It’s wild and wooly out there in the world of streaming video. As movies and TV shows become increasingly accessible through a variety of services, it has also become increasingly difficult to keep track of what movies are available where, what is expiring when, and what is actually worth watching. So every Friday, Vulture will have a list of recommendations of movies and TV shows that are new to Netflix (as well as Hulu; Amazon, On Demand; and other streaming sites), those that are expiring, and those that you should just watch because.
* Bleak House
If you happen to be watching Game of Thrones, then you're already aware of the fantastic glowering meanness of Charles Dance, who plays Tywin Lannister, the man who detests his dwarf son Tyrion and holds only slightly better favor for his daughter Cersei. I first saw him in Alien 3, where he plays a surprisingly sympathetic doctor on a penal colony planet — he is the only person to hook up with Sigourney Weaver's Ripley over the course of four movies. For me, this BBC miniseries is the connective tissue in my admittedly brief Charles Dance filmography. In this adaptation of the Charles Dickens novel, he plays the dastardly Mr. Tulkinghorn (God bless you Dickens for your character names) and he plays him very very well. Whenever people mention this series, they're always like, "Gillian Anderson, Gillian Anderson!" And that's fine. But get yourself a helping of Charles Dance here. A young, adorable Carey Mulligan also co-stars. (Available on Netflix.)
* Donnie Darko
Expiring on Netflix this Monday, this 2001 mind bender about high school, time travel, first love, and fate was director Richard Kelly's debut film and he has yet to live up to its promise and possibly never will. It's a dark film as befits its title, but it's also funny as hell — how could a movie with Patrick Swayze as a motivational speaker not be; how could a movie with the now oft-quoted line, "Sometimes I doubt your commitment to Sparkle Motion" not be? Also, you know what Richard Kelly does well — direct mini music videos inside his films.
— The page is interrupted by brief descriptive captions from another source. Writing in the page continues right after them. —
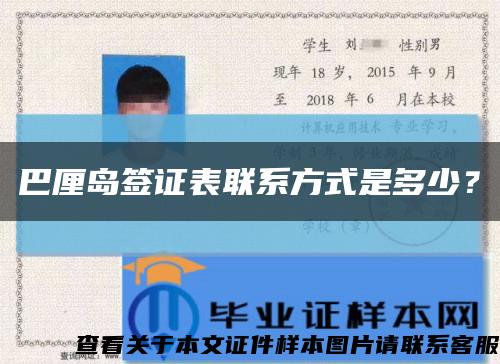 巴厘島簽證表聯系方式是多少？縮略圖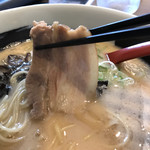 一成 - チャーシューです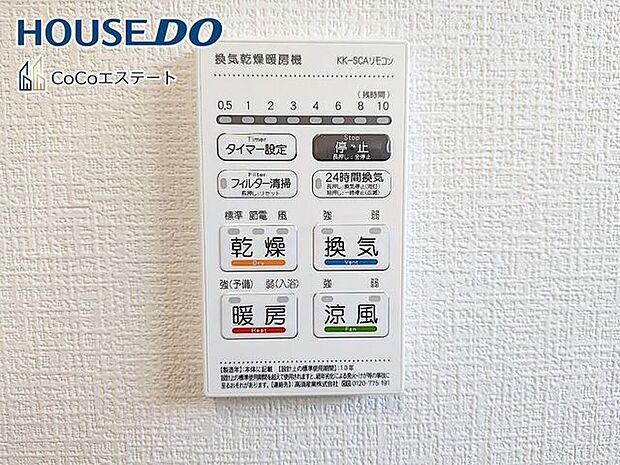 □■浴室暖房乾燥機■□冬はヒートショック対策、梅雨や花粉の時期には洗濯物の乾燥に使用できます。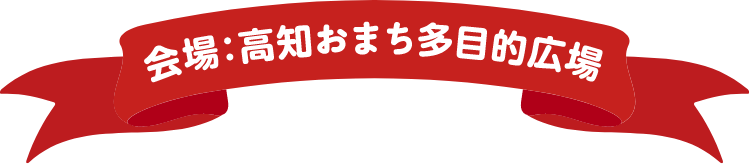 会場：高知おまち多目的広場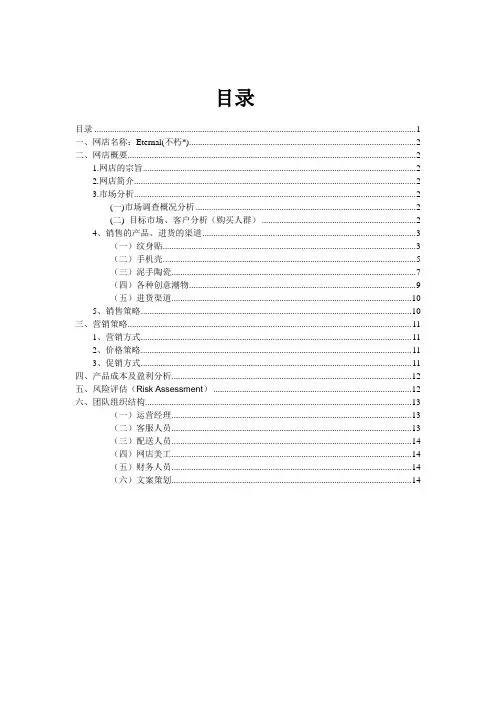【创业计划书】DIY网店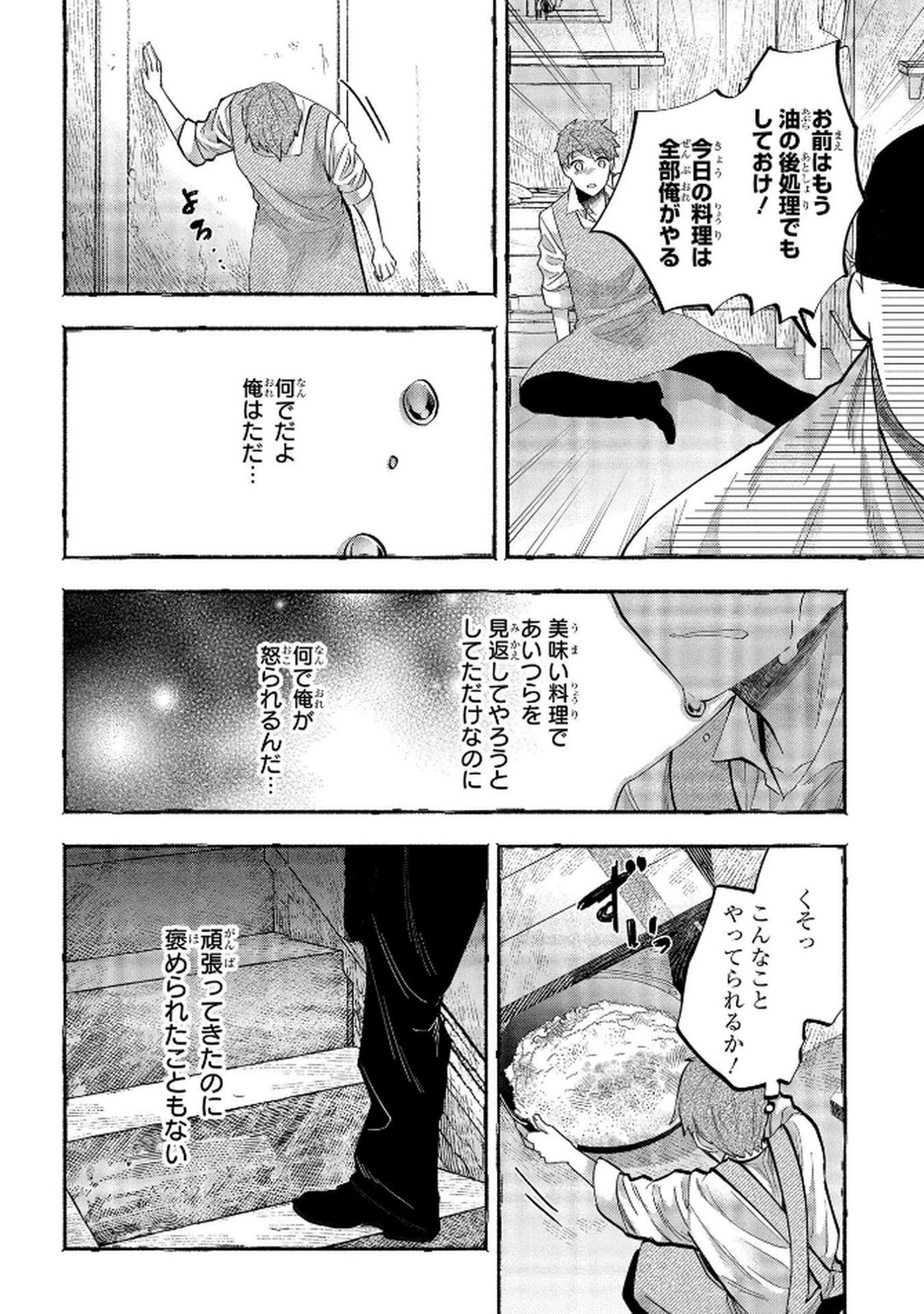 Read BAKEMONO-JOU SOPHIE NO SALON Chapter 6 [High Quality / Full] - Page 18 - nicomanga.net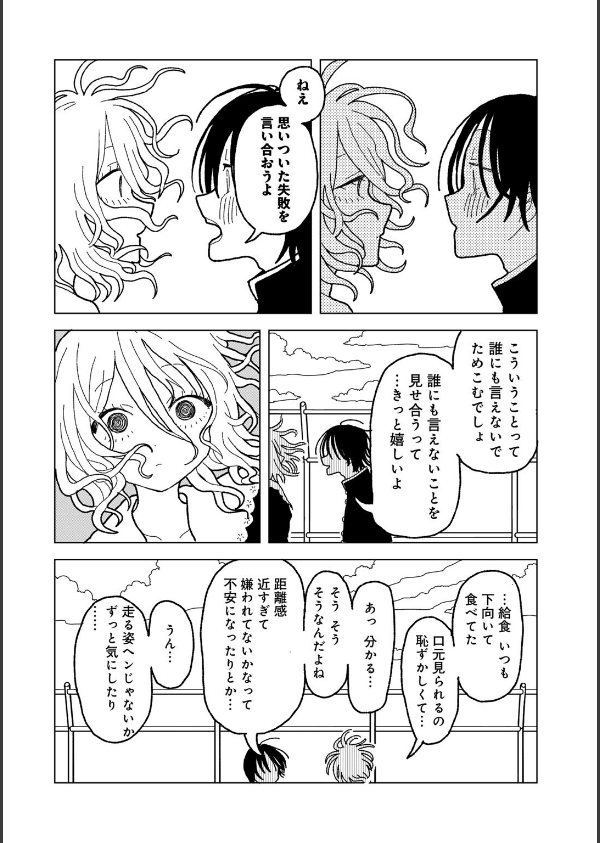 プラスチックより透明な爆弾 【単話】（単話）_18枚目の画像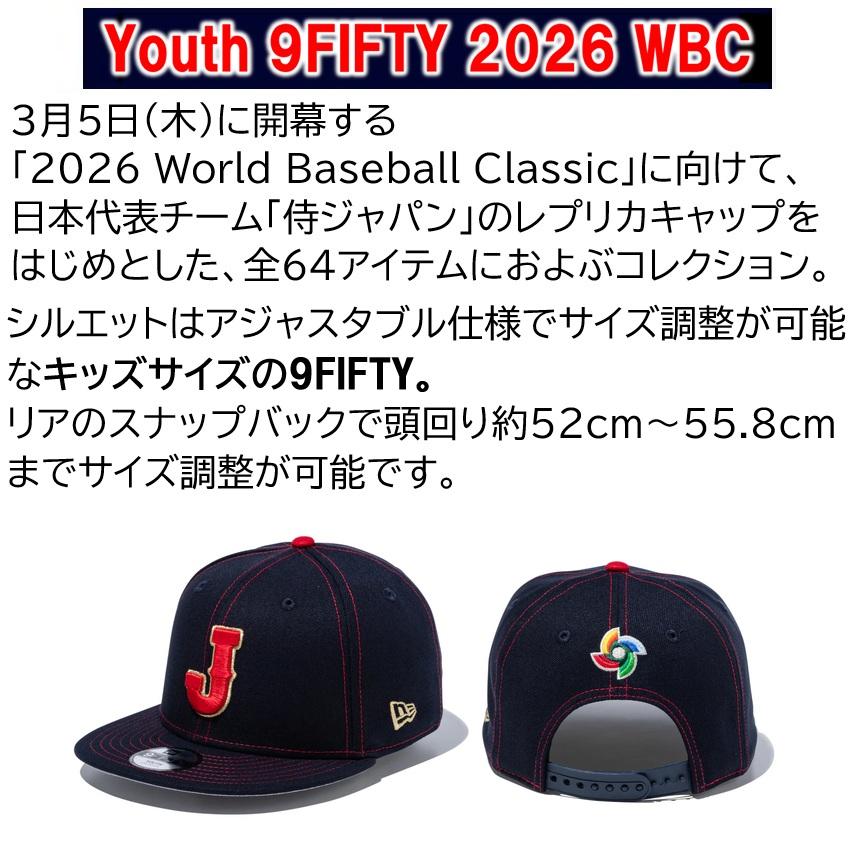 NEW ERA（ニューエラ） 2026 WBC 子供用 キャップ 帽子 9FIFTY World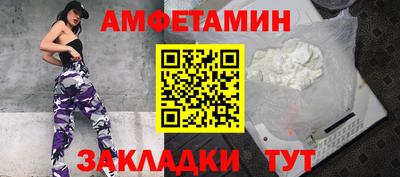 прущие крисы Дубна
In Southland Tales, his disastrous follow-up to Darko, the only scene really worth talking about (this seems to be a general consensus) is the one where Justin Timberlake drunkenly walks around an arcade while lip-synching to the Killers' "All These Things That I've Done." Here, it's the moment where we're introduced to the high school at the center of the story while Tears for Fears' "Head Over Heels" plays on the soundtrack. (Available on Netflix.)
* Hoop Dreams
Roger Ebert died last weekend, and he was a great critic who wrote about many great films. But one of the best things he ever did, I'd say, is go the mat for this documentary, which traces the lives of two young inner-city Chicago students and their dreams of using their basketball skills to get a better life. As Ebert wrote in a review, "A film like Hoop Dreams is what the movies are for. It takes us, shakes us, and make us think in new ways about the world around us. It gives us the impression of having touched life itself." All true. While it was not even nominated for a Best Documentary Oscar (a travesty, as a million people before me have noted), Hoop Dreams will forever remain one of the best pieces of American nonfiction filmmaking. (Available on Hulu.)
* To the Wonder
Terrence Malick's latest film comes out in movie theaters this weekend but it's also available on demand, so get it on iTunes and sit on your sofa — psych! What's wrong with you? Support beautiful cinema, dammit! See this on a big screen where it belongs even if you think you might hate it.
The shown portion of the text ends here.